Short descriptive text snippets

■ ■ ■ ■ ■

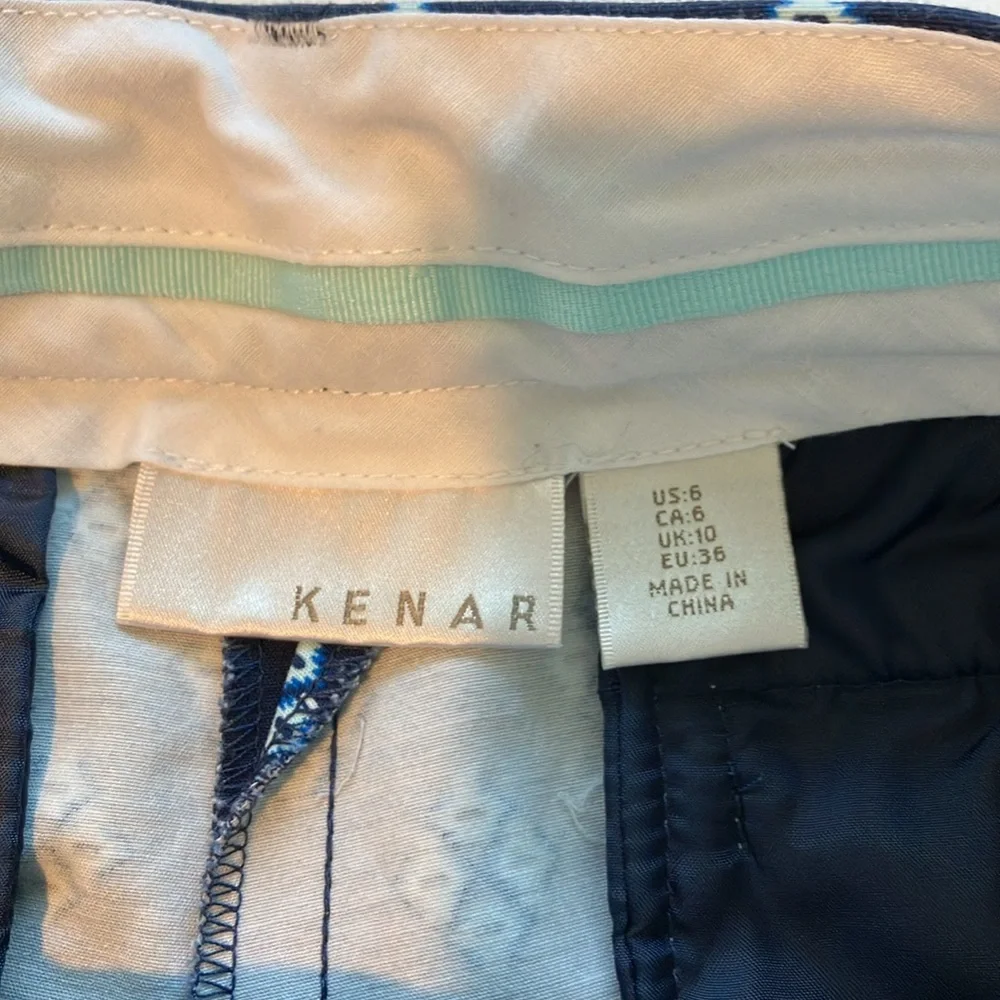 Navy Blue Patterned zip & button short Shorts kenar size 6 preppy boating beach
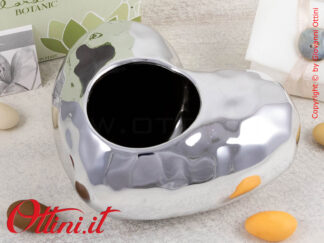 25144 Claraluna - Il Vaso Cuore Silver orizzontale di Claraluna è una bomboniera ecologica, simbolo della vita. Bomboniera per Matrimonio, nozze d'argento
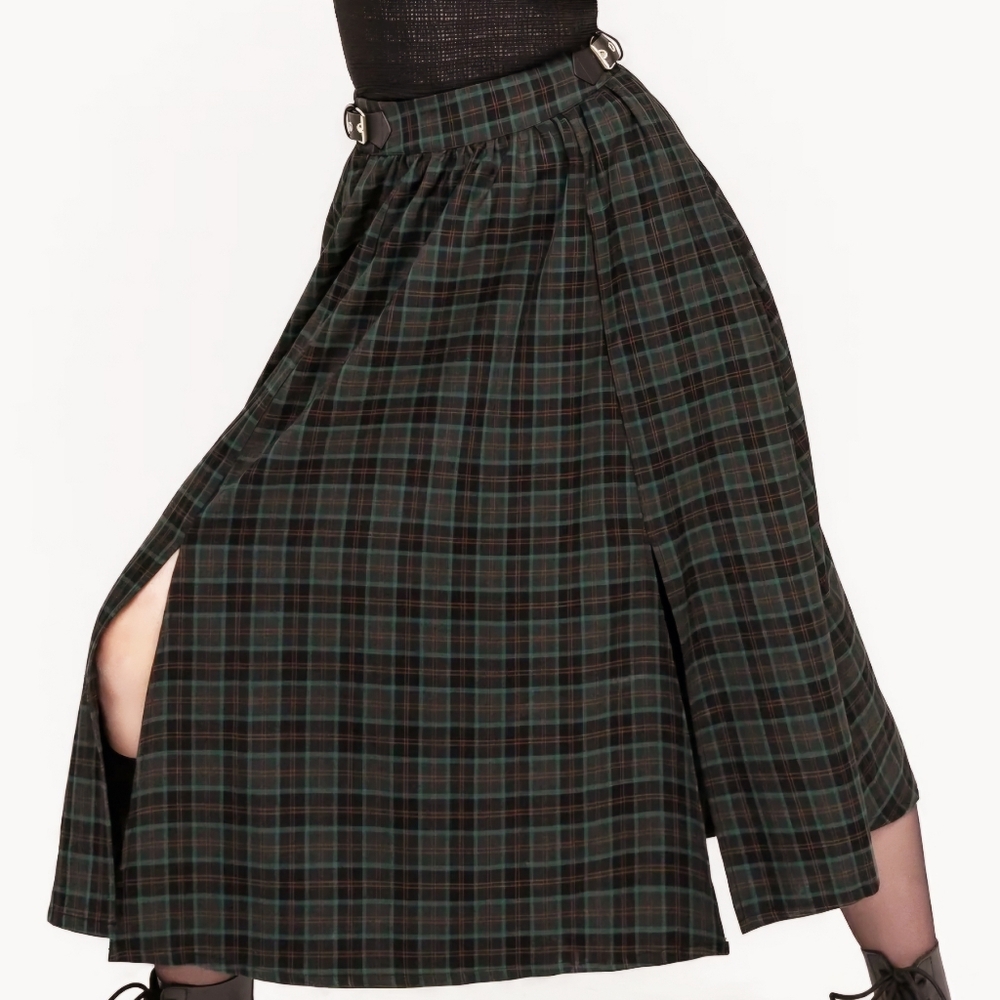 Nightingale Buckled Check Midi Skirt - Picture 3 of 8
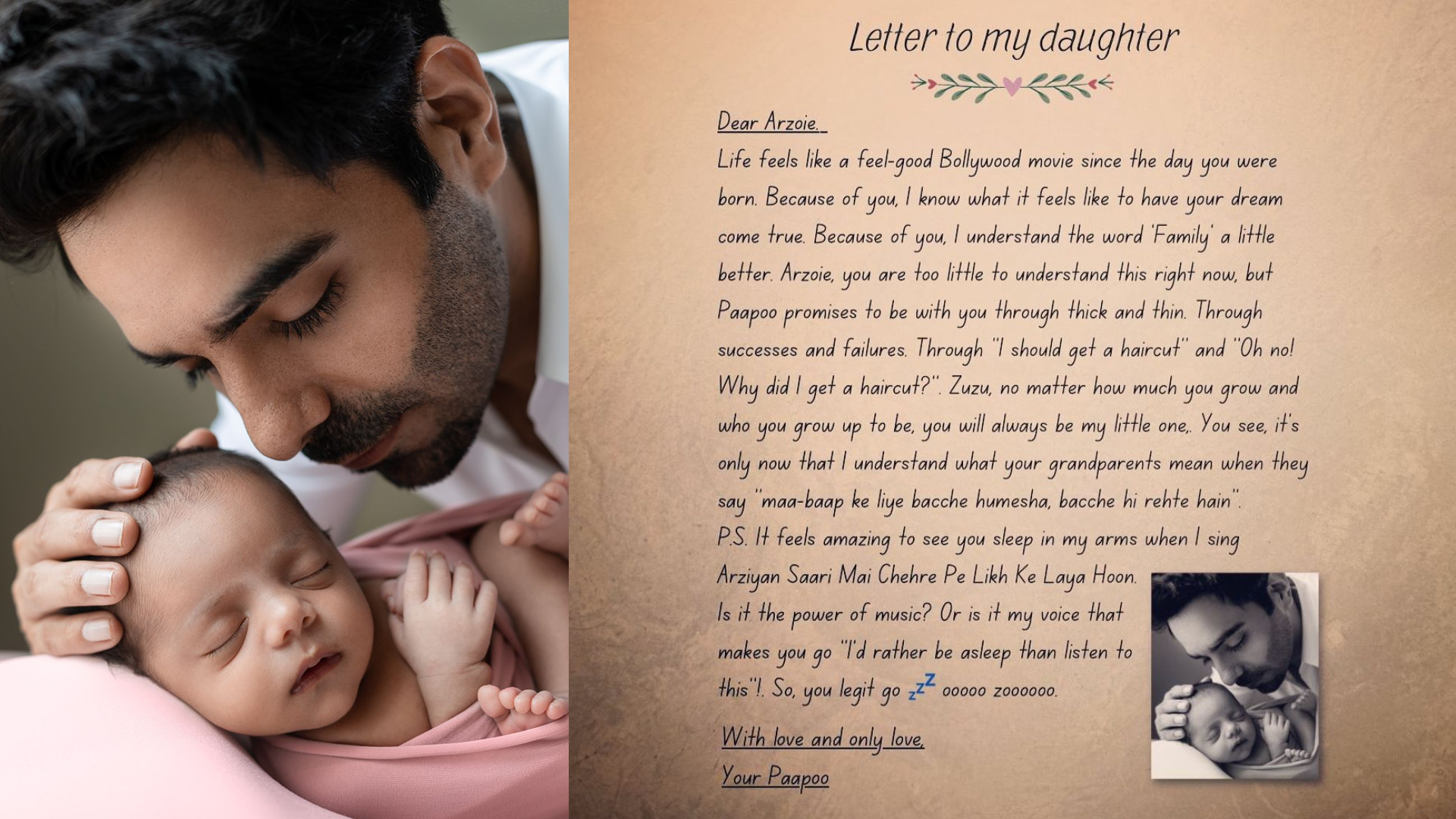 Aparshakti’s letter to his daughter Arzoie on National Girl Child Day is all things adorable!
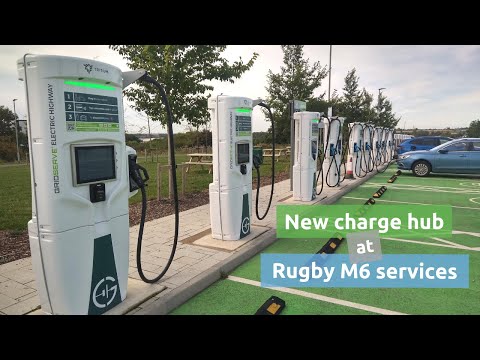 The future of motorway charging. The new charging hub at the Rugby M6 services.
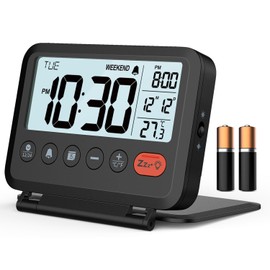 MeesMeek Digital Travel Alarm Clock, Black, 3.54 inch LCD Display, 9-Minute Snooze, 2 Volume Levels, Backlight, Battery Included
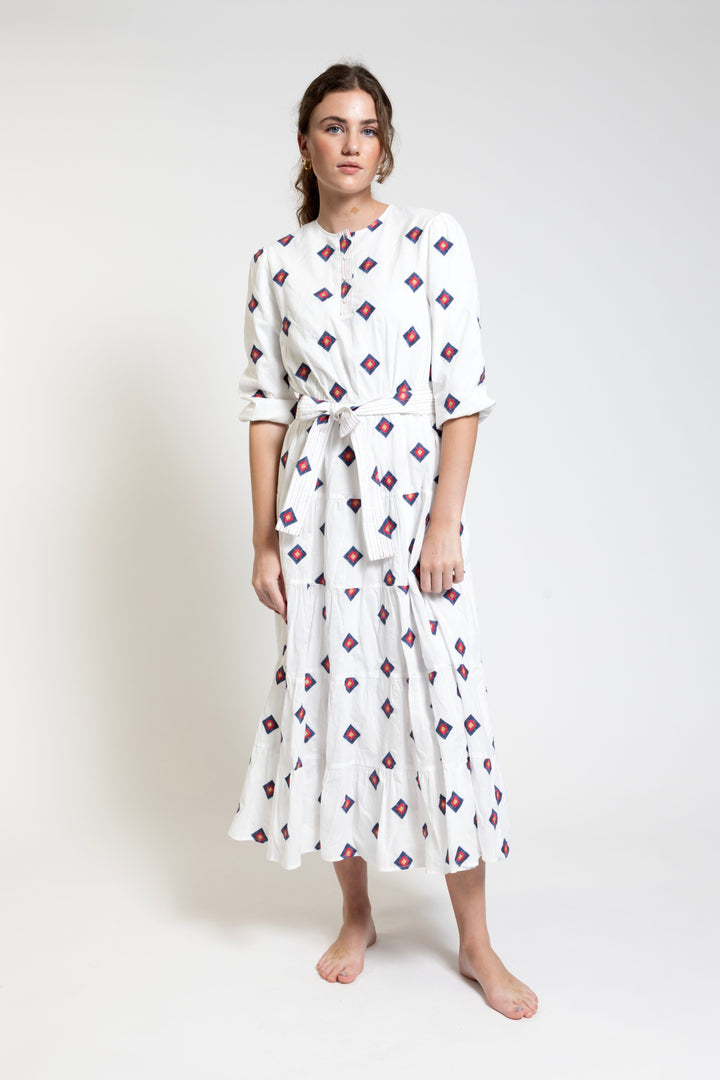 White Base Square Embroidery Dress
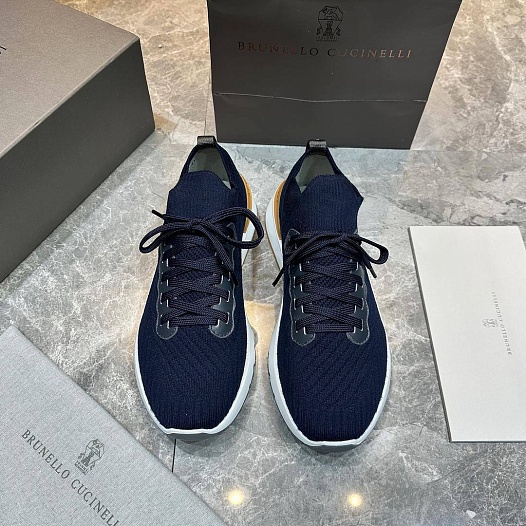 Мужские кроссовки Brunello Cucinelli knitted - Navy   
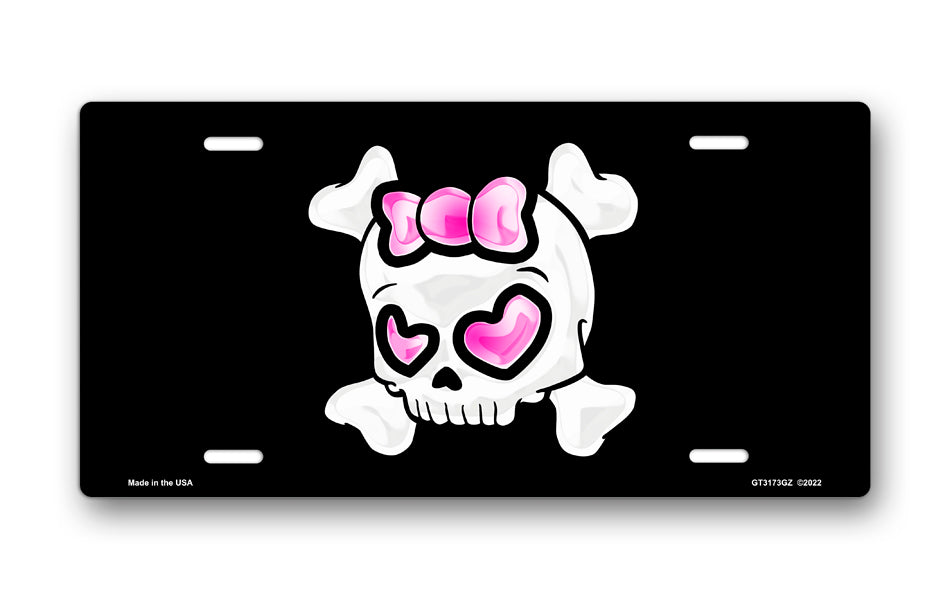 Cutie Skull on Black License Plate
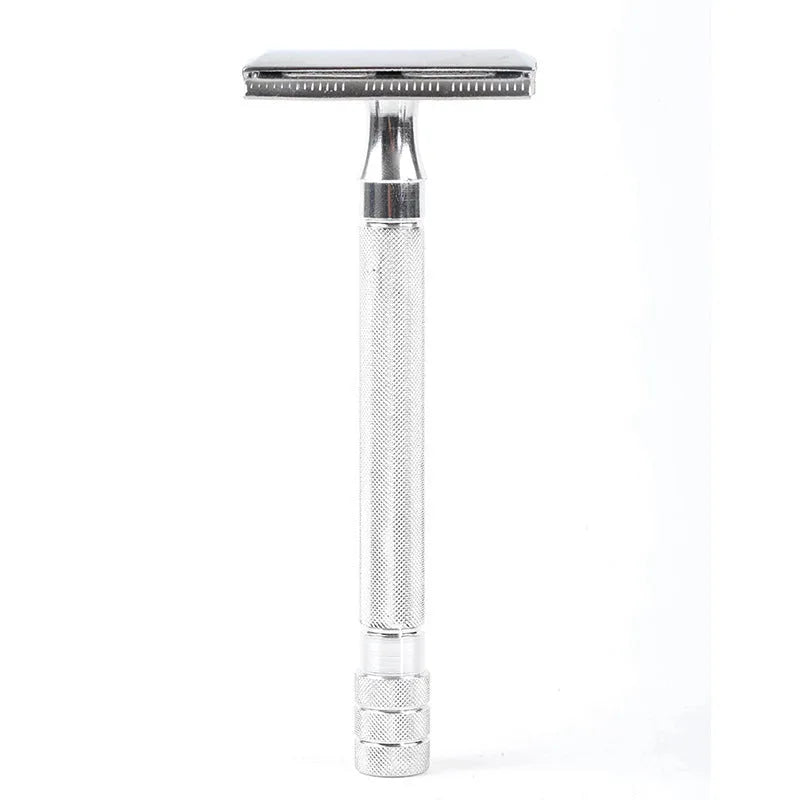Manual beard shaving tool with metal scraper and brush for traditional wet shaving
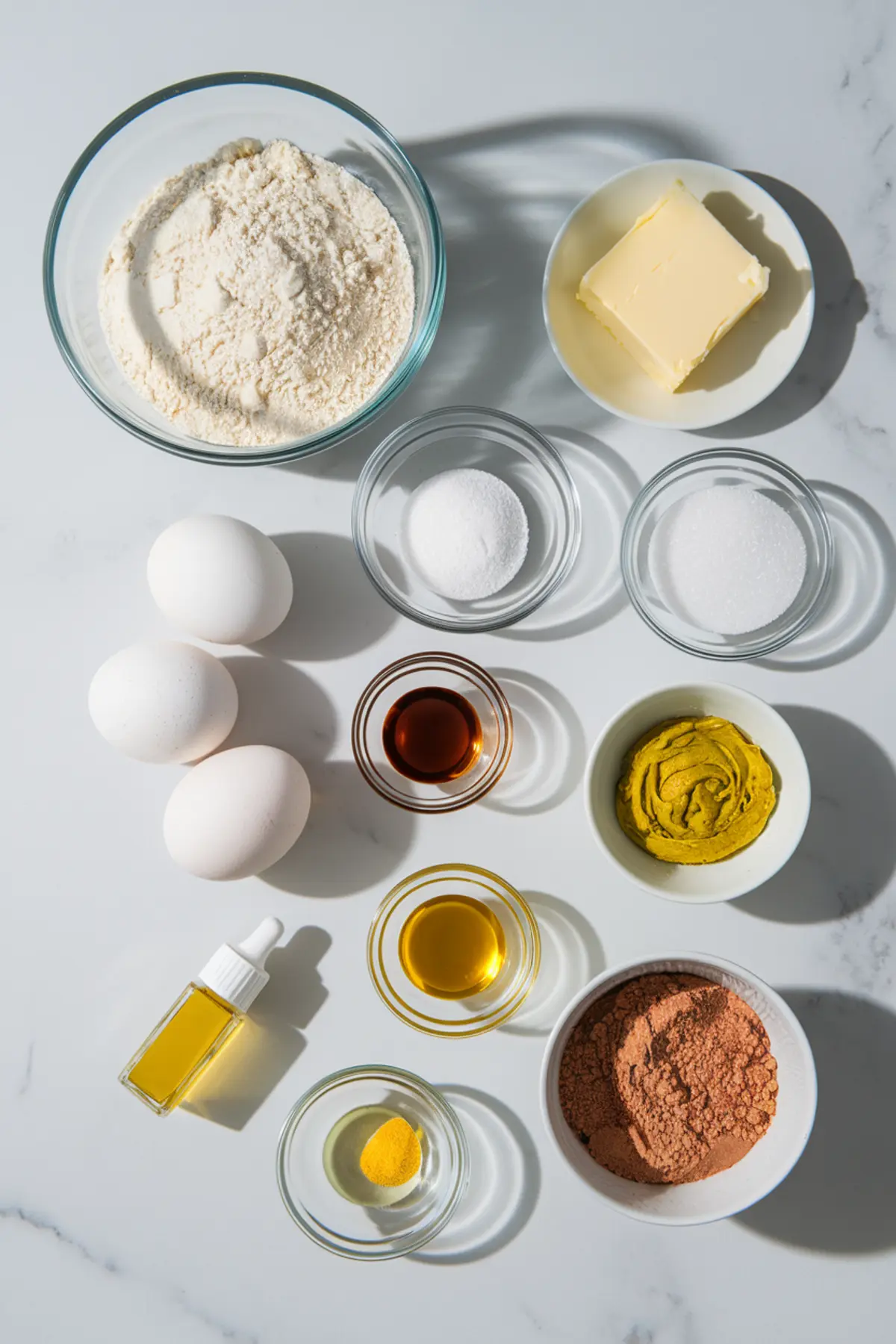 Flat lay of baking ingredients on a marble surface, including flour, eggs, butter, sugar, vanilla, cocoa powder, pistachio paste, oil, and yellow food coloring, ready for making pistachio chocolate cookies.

■ ■ ■ ■ ■

What you should do: Retype the data shown above exactly, excluding any picture it contains.

Task response:
 Navy Blue Patterned zip & button short Shorts kenar size 6 preppy boating beach
 25144 Claraluna - Il Vaso Cuore Silver orizzontale di Claraluna è una bomboniera ecologica, simbolo della vita. Bomboniera per Matrimonio, nozze d'argento
 Nightingale Buckled Check Midi Skirt - Picture 3 of 8
 Aparshakti’s letter to his daughter Arzoie on National Girl Child Day is all things adorable!
 The future of motorway charging. The new charging hub at the Rugby M6 services.
 MeesMeek Digital Travel Alarm Clock, Black, 3.54 inch LCD Display, 9-Minute Snooze, 2 Volume Levels, Backlight, Battery Included
 White Base Square Embroidery Dress
 Мужские кроссовки Brunello Cucinelli knitted - Navy   
 Cutie Skull on Black License Plate
Manual beard shaving tool with metal scraper and brush for traditional wet shaving
 Flat lay of baking ingredients on a marble surface, including flour, eggs, butter, sugar, vanilla, cocoa powder, pistachio paste, oil, and yellow food coloring, ready for making pistachio chocolate cookies.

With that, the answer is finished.